Bias be damned, I truly don’t think I can recommend going to see a game at Citizens Bank Park enough. I’ve only been to maybe a third of the active ballparks in the game today, but the sheer watchability factor of any game at CBP in just about any section - on-field talent aside - has basically been unmatched for me.
One spot I hadn’t been in prior to Thursday’s home opener was in left-center, section 147, just to the side of where the players made their “Leadoff Walk” entrance onto the field through the stands. Out there, you lose a bit of warning track (I thought Maikel Franco’s triple was a home run because both ball and Lewis Brinson disappeared from view at just the right moment), but you gain an incredible view of pitch movement and, with varying parallax, the strike zone. If you like paying entirely too much attention to things that aren’t Gabe Kapler’s managerial moves, it’s a tremendous spot to sit in for a live game.
One alarmingly positive thing I was able to key in on from that spot was how good Nick Pivetta’s curveball and slider looked throughout his start. You were probably able to get a good idea of that from the broadcast, too, I’m sure, but something about the angle I had made it seem like the benders were capital-e Extra that day. As it turns out, that improvement really might’ve been more than visually apparent, and that could mean more good things ahead for Pivetta and the Phils.

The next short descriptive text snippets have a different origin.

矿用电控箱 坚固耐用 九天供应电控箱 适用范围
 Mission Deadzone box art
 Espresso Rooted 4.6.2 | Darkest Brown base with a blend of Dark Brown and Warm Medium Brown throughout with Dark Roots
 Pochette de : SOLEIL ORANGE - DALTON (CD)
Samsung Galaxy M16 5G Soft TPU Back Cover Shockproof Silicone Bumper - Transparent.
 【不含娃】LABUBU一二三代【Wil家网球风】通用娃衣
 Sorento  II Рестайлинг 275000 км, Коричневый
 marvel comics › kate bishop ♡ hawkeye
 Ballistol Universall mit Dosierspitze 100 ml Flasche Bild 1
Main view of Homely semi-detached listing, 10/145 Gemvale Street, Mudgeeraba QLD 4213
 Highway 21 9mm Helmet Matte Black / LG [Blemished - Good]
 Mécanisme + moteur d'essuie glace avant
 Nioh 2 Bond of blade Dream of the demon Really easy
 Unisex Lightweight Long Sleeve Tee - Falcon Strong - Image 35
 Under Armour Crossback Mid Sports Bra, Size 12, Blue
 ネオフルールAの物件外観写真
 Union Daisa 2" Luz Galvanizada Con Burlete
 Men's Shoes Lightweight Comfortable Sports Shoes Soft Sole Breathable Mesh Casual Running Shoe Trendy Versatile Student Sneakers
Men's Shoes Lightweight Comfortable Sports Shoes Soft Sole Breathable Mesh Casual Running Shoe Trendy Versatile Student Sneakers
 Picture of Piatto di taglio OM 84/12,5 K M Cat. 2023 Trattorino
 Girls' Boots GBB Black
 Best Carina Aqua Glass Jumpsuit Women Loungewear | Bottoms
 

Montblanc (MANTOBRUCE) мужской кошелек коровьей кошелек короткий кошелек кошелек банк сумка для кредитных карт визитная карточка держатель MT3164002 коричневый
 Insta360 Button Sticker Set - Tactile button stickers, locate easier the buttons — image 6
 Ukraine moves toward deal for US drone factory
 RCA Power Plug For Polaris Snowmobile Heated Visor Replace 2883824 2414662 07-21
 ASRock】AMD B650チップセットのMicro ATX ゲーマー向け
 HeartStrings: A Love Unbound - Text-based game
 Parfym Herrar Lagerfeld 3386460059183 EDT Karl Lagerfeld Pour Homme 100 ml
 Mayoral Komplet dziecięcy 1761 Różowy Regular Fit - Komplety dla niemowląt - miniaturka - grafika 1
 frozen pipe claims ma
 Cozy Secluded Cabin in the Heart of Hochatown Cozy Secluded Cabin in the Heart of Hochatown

In all, Pivetta threw 97 pitches Thursday, with 66 going for strikes (including 15 whiffs, which matched a career high). Nearly half (44, to be exact) were curveballs (23) or sliders (21), and those did a lot of damage: 11 combined whiffs! Here’s a visual breakdown of Pivetta used each of his three pitches Thursday, and the outcomes for each:
One expected trend immediately stands out: The breaking balls often came out when Pivetta was ahead in the count or on the verge of a strikeout. What’s more, Derek Dietrich and Justin Bour - the left-handed Marlins batters who saw action against Pivetta Thursday - faced down precisely zero sliders, likely because Pivetta’s slider acts more like a cutter than a wipeout. Or, at least, it has in the past.
To that first point, even if it was (potentially) closer to the forefront of Miami hitters’ minds that a curve or slider was coming as their count hit two strikes, they were still unable to do anything about it. Take, for one example, the biggest strikeout of the nine Pivetta racked up on the day: A swinging K of Cameron Maybin, the tying run at the plate in the fourth, with runners on second and third after consecutive two-out hits.
Not the prettiest curve Pivetta threw by a long shot, even if it ultimately still nibbled the zone - he misses Alfaro’s spot to the opposite edge of the plate - but the depth is essentially perfect. At its apex, the pitch is at the numbers; as it crosses the plate, it’s just below Maybin’s knees; as Alfaro snags it, it’s barely above the dirt. Maybin’s ready for it and his swing is geared for it, but he still can’t make contact. Inning over, threat extinguished.
A couple weeks back, I took a quick look at the curve characteristics of Jake Arrieta, Jerad Eickhoff and Aaron Nola. I cruised over Pivetta, mostly because the measurement of his curveball simply didn’t seem to stand out. Well, if the early returns are any indicator or precursor, that’s about to change.
That, in line graph form, depicts an extra 5.2 inches of vertical movement on top of 2017’s average curveball drop, and nearly 4 inches of added vertical drop to Pivetta’s slider, making it function more like a slurve than the previously-thought cutter.
For the sake of comparison, here is Pivetta’s first career strikeout from April 2017, also on a curveball to the third base side of the plate.
Both of the above curves register at 79 MPH, and though the difference doesn’t immediately stand out, it sure does look like the curve that strikes out Adrian Gonzalez at Dodger Stadium has a lower apex than the one from Thursday. Could be confirmation bias, but I think the difference is borderline apparent, visually, in real-time, which is fairly significant!
There’s another potential change happening behind the scenes that may also be a result of this apparent breaking ball improvement. Through two starts and 170 pitches, Pivetta has yet to throw a changeup, making him a three-pitch pitcher at the moment. His change didn’t grade out particularly well in 2017, so it’s possible the pitch has been demoted to “show-me” status. If these enhancements of the curveball and slider are real and repeatable, and the fastball stays at a heavy 94-96, he won’t need to lean on that fourth pitch so much after all.
The club has believed in Pivetta throughout his time in the organization, even as he languished through a 2017 season of six-plus ERA and too many homers. This early two-start sample - helped in large part by Thursday, of course - has yielded zero home runs and twelve strikeouts to two walks, along with overall weaker batted ball contact that nonetheless still has hitters sporting a .375 BABIP against him. Too early to get too excited? Maybe. But the potential that Pivetta’s believers both inside the organization and out have touted and stood for may, hopefully, be nearing the breakout stage. His next few starts - likely against the Reds at home, then at the Rays or Braves, then home against the Pirates - will tell us a lot more about just how much more we should get our hopes up.